PARIS (Reuters) - The Syrian Kurdish YPG militia and its political arm the PYD will not be invited to planned peace talks in Kazakhstan, a PYD official said on Tuesday, an outcome that would leave a key player in the conflict off the negotiating table.
Syria’s government and rebel forces started a ceasefire on Dec. 31 as a first step toward face-to face negotiations backed by Turkey and Russia, but the date and its participants remain unclear.
The truce is also under growing strain as rebels have vowed to respond to government violations and President Bashar al-Assad said on Monday the army would retake an important rebel-held area near Damascus.
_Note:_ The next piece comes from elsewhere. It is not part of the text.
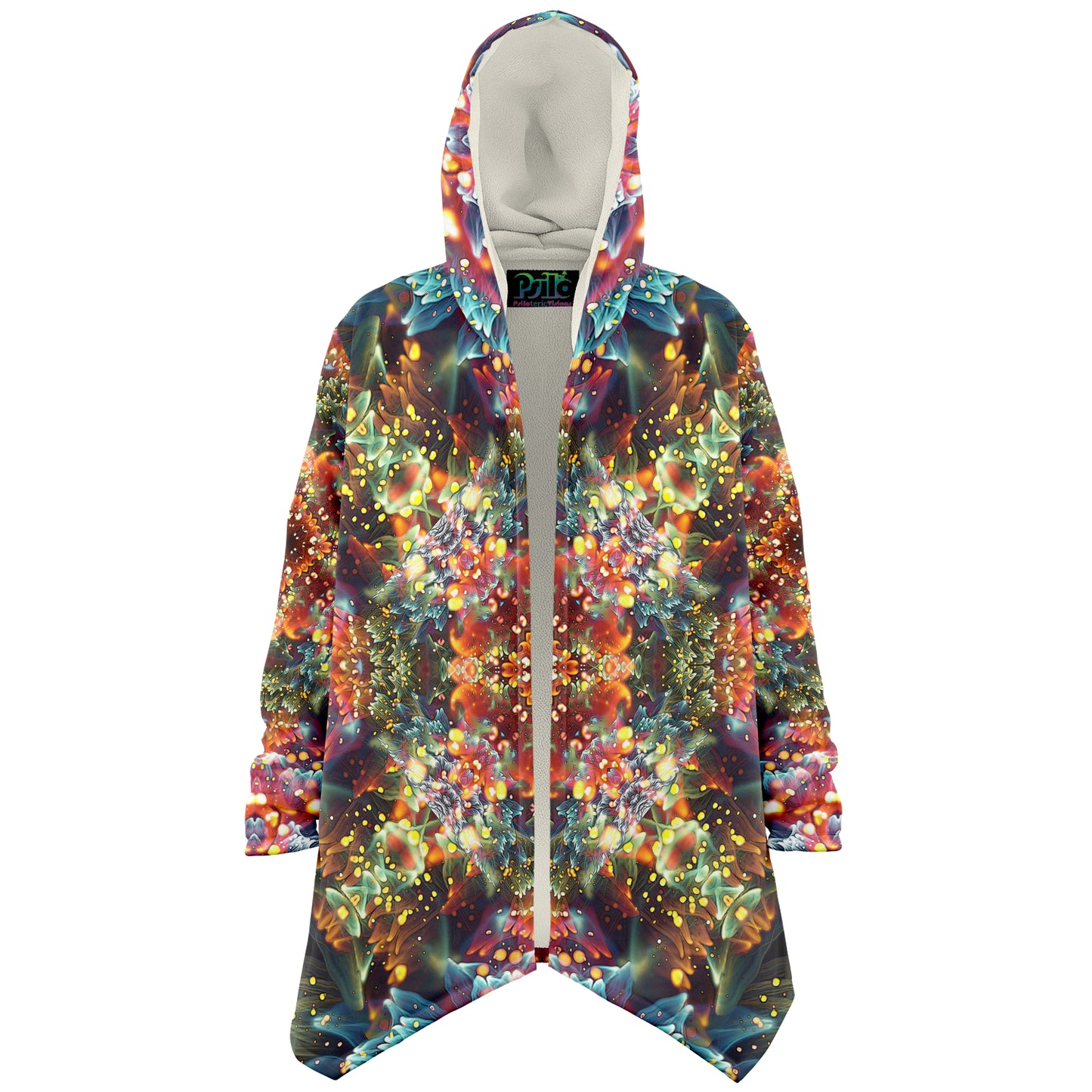 "Kaleidobloom" HOODED CLOAK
“We are not invited. That’s for sure,” Khaled Eissa, a PYD member told Reuters in France. “It seems there were some vetoes. Neither the PYD or our military formation will be present,” he said.
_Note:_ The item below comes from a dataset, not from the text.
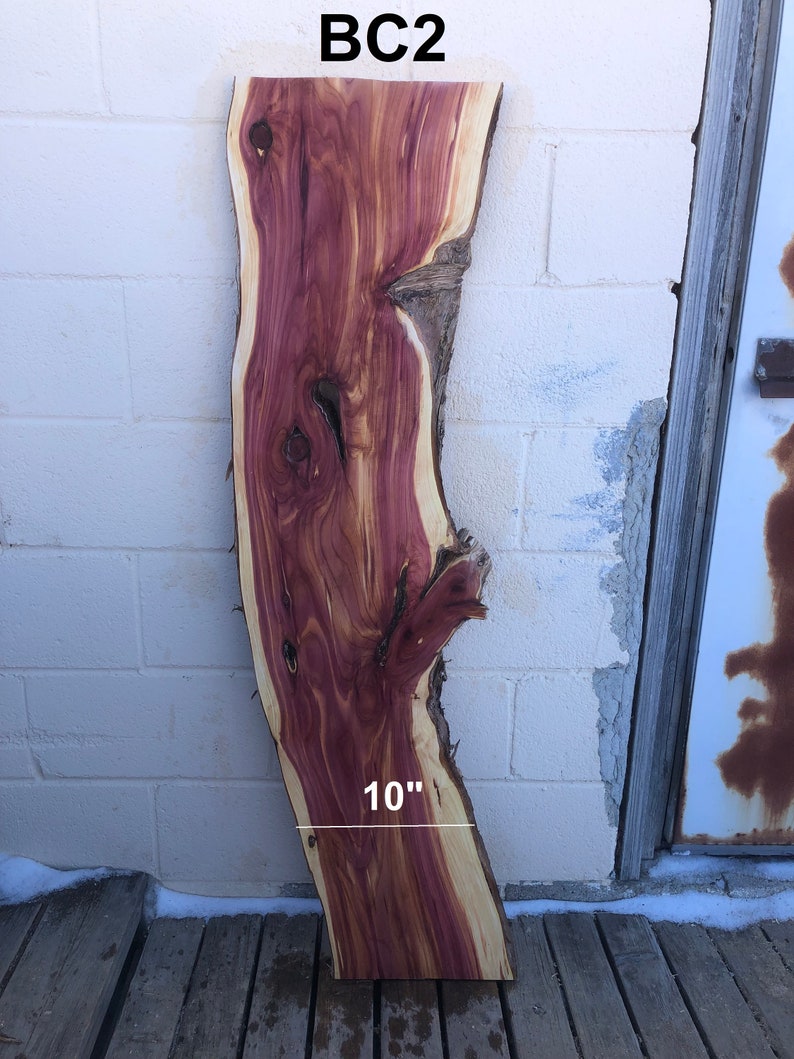 Eastern Red Cedar Live Edge Slabs Etsy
Assad’s ally Russia had previously sought the PYD’s presence at other negotiations in Switzerland.
But Turkey, which opposes Assad, regards both the YPG and PYD as extensions of the Kurdistan Workers Party (PKK) separatists in its own territory and has said two groups should not be represented in Astana.
The Syrian Kurds aim to cement the autonomy of areas of northern Syria where Kurdish groups have already carved out self-governing regions since the start of the war in 2011, though Kurdish leaders say an independent state is not the goal.
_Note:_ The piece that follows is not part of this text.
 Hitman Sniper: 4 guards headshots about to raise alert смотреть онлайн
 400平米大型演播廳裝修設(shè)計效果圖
“What we have been told is that there will only be a limited number of armed groups and not political groups,” Eissa said, adding that for a comprehensive peace deal in Syria the Kurds would at one point have to be invited to the negotiating table.
The main Syrian political opposition umbrella group that includes about half a dozen armed groups, the Riyadh-backed High Negotiations Committee, is meeting in the Saudi capital later this week to discuss the Astana talks, although it is also unclear whether Moscow intends to invite them, diplomats and opposition officials said.
Ankara intervened in Syria last year in support of rebel groups fighting under the Free Syrian Army (FSA) banner sought to drive Islamic State from positions it had used to shell Turkish towns, and also to stop YPG expansion.
The YPG and its allies backed by a U.S.-led coalition is fighting against IS militants around the group’s Syrian bastion Raqqa, while Turkish-backed rebels are fighting the jihadist group further northwest near areas under Kurdish control.